Tropes present in the movie:

  • Everyone Calls Him "Barkeep": Instead of the usual "Gatekeeper" ("Porteiro"), there are two gatekeepers who are sphynx statues, and they both call each other Gatekeeper.
  • Good Witch Versus Bad Witch: Morgana is the good witch and Losângela is the bad witch.
  • Idiot Hair: Nino's forelock of hair sticking above his head.
  • I Just Want to Be Normal: Just like in the series, Nino wants to go to school like a normal child. Dr. Abobrinha pretend to be the principal of the school, to steal Morgana's book. In addition, Nino wants to drink coffee with milk like normal people do, not fancy wizard beverages.
  • Living Statue: The two Doorkeper Sphinxes in the movie. They are briefly transformed into normal, unmoving statues when Losângela uses the power of Morgana's book.

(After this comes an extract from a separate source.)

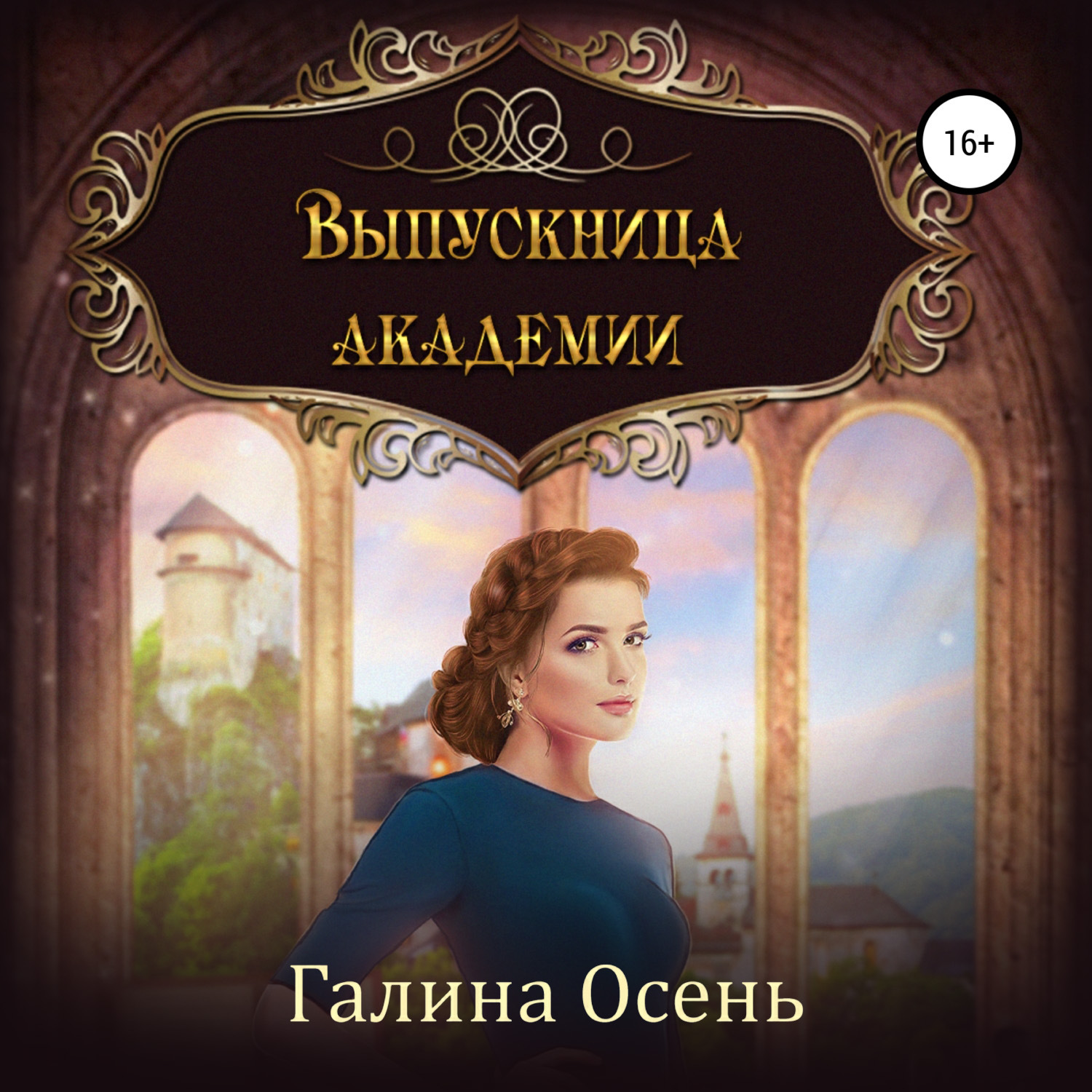 Обложка книги «Выпускница академии»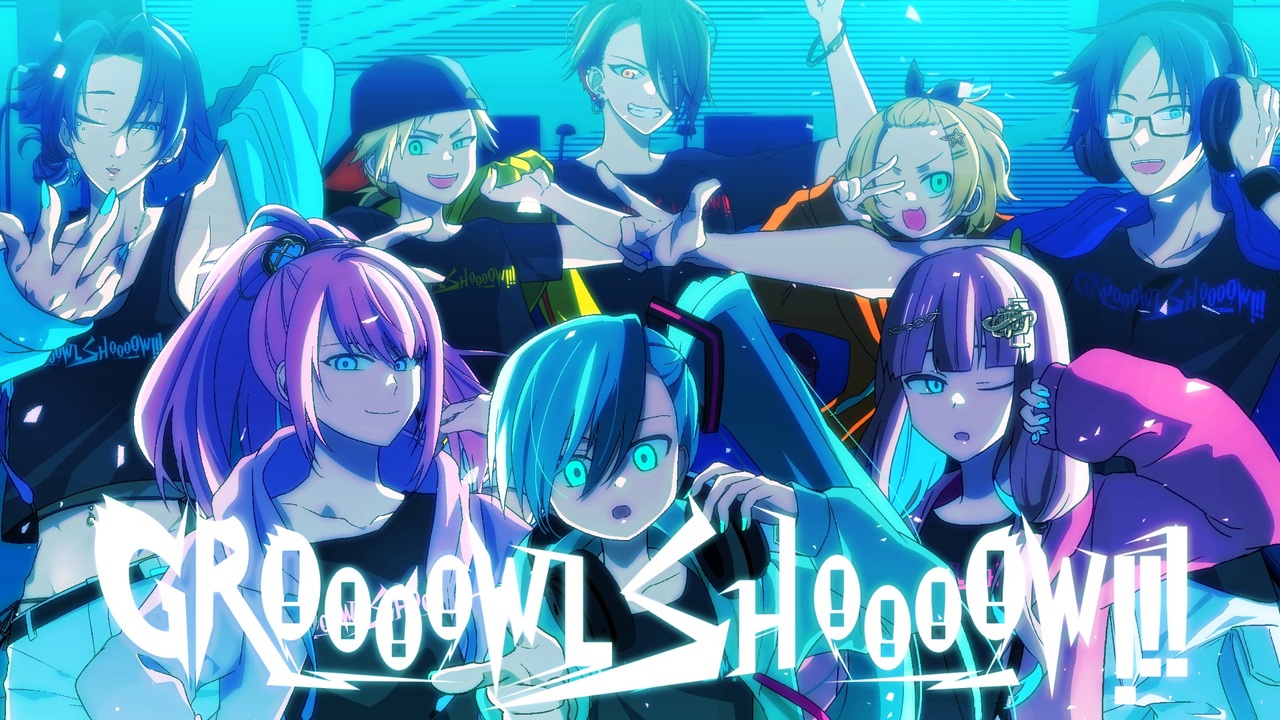 アニメ/ゲーム VOCALOID 60fps Full風] Online Game Addicts Sprechchor ネトゲ廃人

  • Magic Mirror: Morgana's mirror guards a stone capable of reversing spells.
  • Mind over Matter: The first spell Nino tries to cast is a levitation one, which unwittingly causes him to be stuck in the ceiling.
  • Puppet Permutation: The evil witch Losângela manages to turn both Dr. Victor and Morgana into puppets.
  • The Movie: Released in 1999.
  • When the Planets Align: The planetary alignment augments the wizards' powers in the movie.